Becky finished that resume as quickly as possible and gave it to Megan. 
When she returned to work she waited patiently and caught Vince when they were both free. She leaned over his desk putting her deep sexy cleavage on display.

“Excuse me Vince could I ask a favor of you?” Megan asked.

Then Vince’s head pooped up and his eyes lined up perfectly with her massive bust line. 

“What oh umm yeah of course.” He stammered while trying to force his eyes to meet hers. 

“A good friend of mine is about to be done with college and well be in need of a job soon I don’t suppose you could help her could you?” Megan asked sweetly.

“I mean I’d love to help but we don’t really need anyone else here.” Vince said. 

“Oh I know but I was hoping you could put in a good word for her at some of the offices around town. I mean we both know plenty of them owe you favors.” She replied. 

“Well um I don’t mind making a call or two but I can’t promise anything.” Vince said still trying to take his eyes off her mile of cleavage.

“Well I’m sure you’ll be a bgh help and tell you what, if you have some good news for me soon I think I may have something for you.” Megan said 

“Umm what would that be?” Vince asked nervously. 

“Well you remember my trip to Cancun right. Well I’ve got some amazing pictures I’m sure you’d love to see.” 

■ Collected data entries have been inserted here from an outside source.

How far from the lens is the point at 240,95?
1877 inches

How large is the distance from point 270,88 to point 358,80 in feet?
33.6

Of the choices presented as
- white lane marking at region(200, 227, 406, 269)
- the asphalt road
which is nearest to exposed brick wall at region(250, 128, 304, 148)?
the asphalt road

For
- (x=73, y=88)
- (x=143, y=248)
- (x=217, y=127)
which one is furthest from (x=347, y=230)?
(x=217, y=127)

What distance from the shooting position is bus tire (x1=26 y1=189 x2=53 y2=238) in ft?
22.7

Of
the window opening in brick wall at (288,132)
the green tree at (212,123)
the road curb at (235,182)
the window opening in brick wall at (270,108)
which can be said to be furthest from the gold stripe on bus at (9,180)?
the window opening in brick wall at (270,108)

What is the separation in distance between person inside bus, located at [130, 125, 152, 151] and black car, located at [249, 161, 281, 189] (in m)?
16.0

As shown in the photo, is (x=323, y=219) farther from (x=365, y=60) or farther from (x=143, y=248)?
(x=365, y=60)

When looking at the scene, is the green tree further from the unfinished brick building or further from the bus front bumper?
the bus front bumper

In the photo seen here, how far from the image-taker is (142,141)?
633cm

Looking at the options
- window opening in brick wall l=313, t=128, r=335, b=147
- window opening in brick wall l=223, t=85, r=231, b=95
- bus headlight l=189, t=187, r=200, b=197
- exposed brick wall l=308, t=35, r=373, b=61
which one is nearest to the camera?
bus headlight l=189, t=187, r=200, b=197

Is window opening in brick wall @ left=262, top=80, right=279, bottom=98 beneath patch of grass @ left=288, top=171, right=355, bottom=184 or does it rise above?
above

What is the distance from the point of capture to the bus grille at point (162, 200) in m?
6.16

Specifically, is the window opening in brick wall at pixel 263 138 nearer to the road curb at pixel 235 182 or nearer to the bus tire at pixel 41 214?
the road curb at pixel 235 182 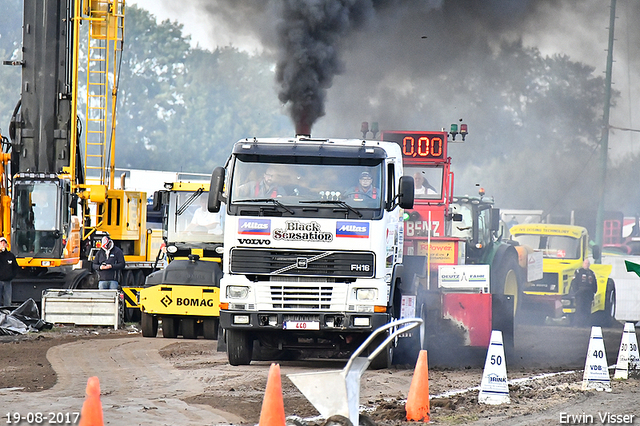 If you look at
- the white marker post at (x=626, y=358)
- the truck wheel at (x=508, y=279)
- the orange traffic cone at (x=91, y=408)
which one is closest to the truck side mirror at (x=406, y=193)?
the white marker post at (x=626, y=358)

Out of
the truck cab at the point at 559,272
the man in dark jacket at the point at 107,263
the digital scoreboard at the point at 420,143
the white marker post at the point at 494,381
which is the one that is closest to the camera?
the white marker post at the point at 494,381

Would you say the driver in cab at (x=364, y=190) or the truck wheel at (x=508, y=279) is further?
the truck wheel at (x=508, y=279)

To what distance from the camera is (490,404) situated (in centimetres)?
974

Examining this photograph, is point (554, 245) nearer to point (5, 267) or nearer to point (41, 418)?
point (5, 267)

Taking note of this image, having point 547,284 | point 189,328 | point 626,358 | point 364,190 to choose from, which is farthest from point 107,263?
point 626,358

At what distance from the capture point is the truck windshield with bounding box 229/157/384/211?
1204 centimetres

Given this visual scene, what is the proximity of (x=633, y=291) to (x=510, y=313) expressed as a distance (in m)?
11.1

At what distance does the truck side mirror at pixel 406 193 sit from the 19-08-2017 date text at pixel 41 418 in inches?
204

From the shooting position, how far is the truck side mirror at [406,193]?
12.1 meters

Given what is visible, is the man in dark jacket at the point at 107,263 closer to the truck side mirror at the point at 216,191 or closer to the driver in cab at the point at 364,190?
the truck side mirror at the point at 216,191

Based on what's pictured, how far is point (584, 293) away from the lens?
23359 millimetres

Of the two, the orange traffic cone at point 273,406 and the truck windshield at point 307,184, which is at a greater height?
the truck windshield at point 307,184

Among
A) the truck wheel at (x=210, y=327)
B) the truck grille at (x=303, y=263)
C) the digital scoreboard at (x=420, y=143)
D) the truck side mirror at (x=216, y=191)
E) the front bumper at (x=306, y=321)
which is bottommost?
the truck wheel at (x=210, y=327)

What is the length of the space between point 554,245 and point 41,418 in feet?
61.9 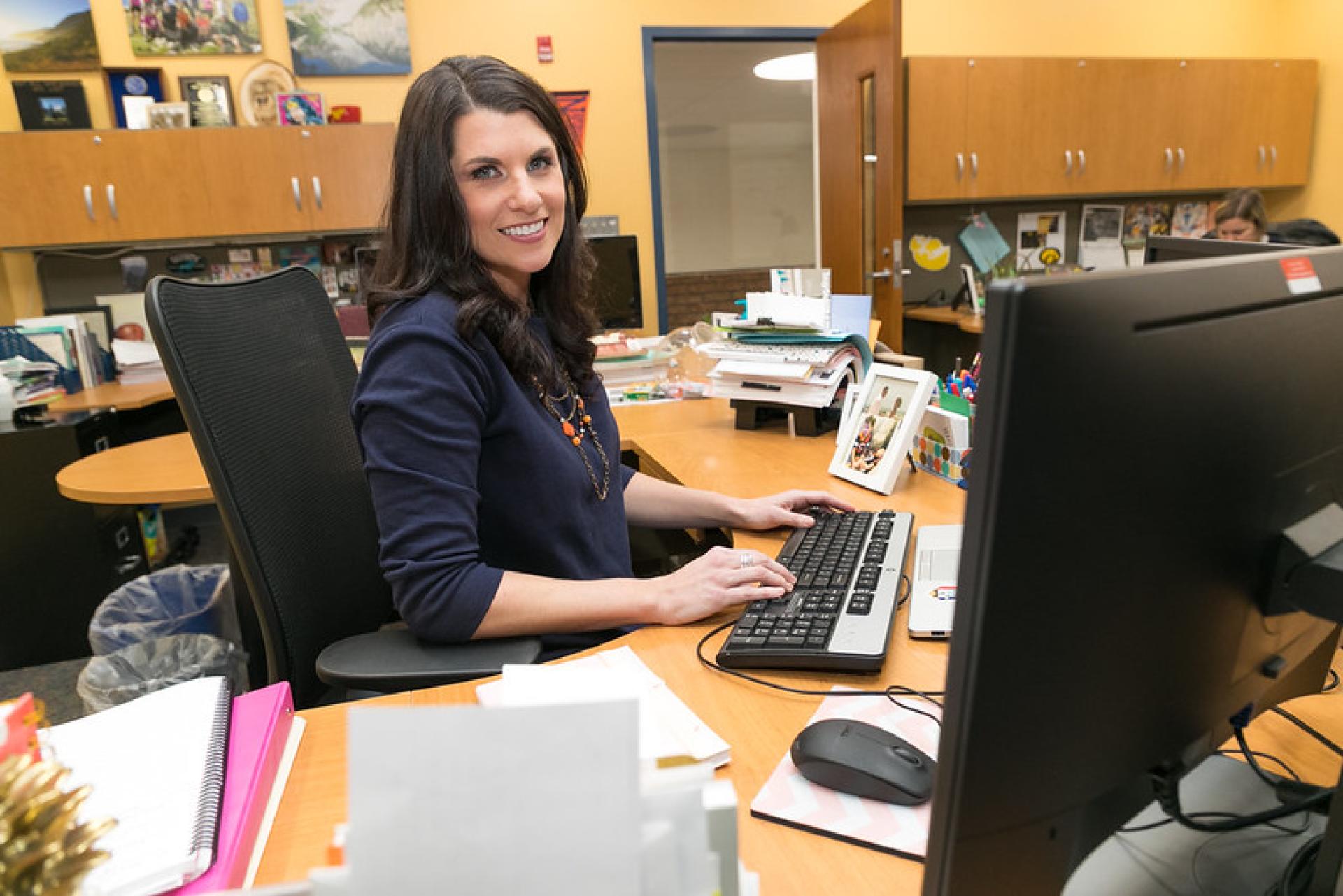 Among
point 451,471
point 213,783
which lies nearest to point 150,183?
point 451,471

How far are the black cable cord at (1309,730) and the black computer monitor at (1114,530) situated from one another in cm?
30

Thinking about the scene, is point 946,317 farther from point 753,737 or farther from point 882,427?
point 753,737

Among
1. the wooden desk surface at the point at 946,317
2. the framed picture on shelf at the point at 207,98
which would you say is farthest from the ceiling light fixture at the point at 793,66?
the framed picture on shelf at the point at 207,98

Then she leaned in and whispered in his ear. “Especially my bikini pics and who knows maybe given one or two of me in less.” 

She said this in a sexy husky voice then she walked off chuckling. 

_Blast it she knows she can get just about anything she wants from me. _Vince thought. Then he looked over the resume Megan had left on his desk. Not bad he figured at least the chick had some qualification it shouldn’t be too hard of a project to find her something. And even if it did turn into a project god it would be worth it for some sexy pictures of Megan. 

Vince could never cheat on his wife but he was pretty comfortable doing everything short of it. Besides Vanessa was all the time admiring pictures of her new boss who did some amateur body building it was only fair.

The next weekend Megan had invited Becky over to celebrate some good news. 

When Megan let her into her apartment the first thing Becky said was. “Come on spare me the suspense what’s so important you just had to tell me in person.”

Megan’s lovely face made that big perfect smile of hers and she said “Vince and I came through; we’ve got you a job all lined up as soon as the semester is over and it’s just barely on the other side of town.” 

Then the big beautiful Megan practically smothered her in a big hug. Megan’s broad smile grew a bit wider then as she realized there was a little bit more Becky to hug these days. 

“Seriously? You two got me a job? Do I need to like get ready for an interview or anything?” Becky asked shocked.

“Yes seriously. And no you just start as soon as school is over if you don’t take to it it’ll become a temp job but if you do well and I know you well that place has a lot of room for advancement.” Megan answered. 

“Oh I can’t thank you enough.” Becky said and tried to squeeze the big woman who was smothering her harder.

“You moving to town soon will be thanks enough for me and don’t worry about Vince; like I said I’ve got him wrapped around my finger practically he was just glad to do me a little favor.” Megan said with that wicked grin. 

“Now let’s celebrate I’ve got an amazing dinner for us then we’re going out.” Megan said.

And then they had spent the rest of that weekend eating Megan’s amazing cooking, drinking, and going out. 

Unbeknownst to them Vince was greatly enjoying his reward for helping Becky as well.

Now Becky was packing up her stuff and getting ready to leave her dorm behind for good. She moved into her new apartment in the city the next day and then she would spend her weekend with Megan before starting her new job on Monday. As she went through her closet she started bagging up some stuff to give to goodwill that she knew she would never wear again. 

She had dropped her gym membership plus all her time with Megan had quickly caught up to her waist line. Over the past 6 months she’d packed on a good 20 or so pounds. Becky looked herself over in the mirror she was hardly complaining though. Maybe all her time with Megan had given her some new appreciation the fuller figure or something because she rather liked it. 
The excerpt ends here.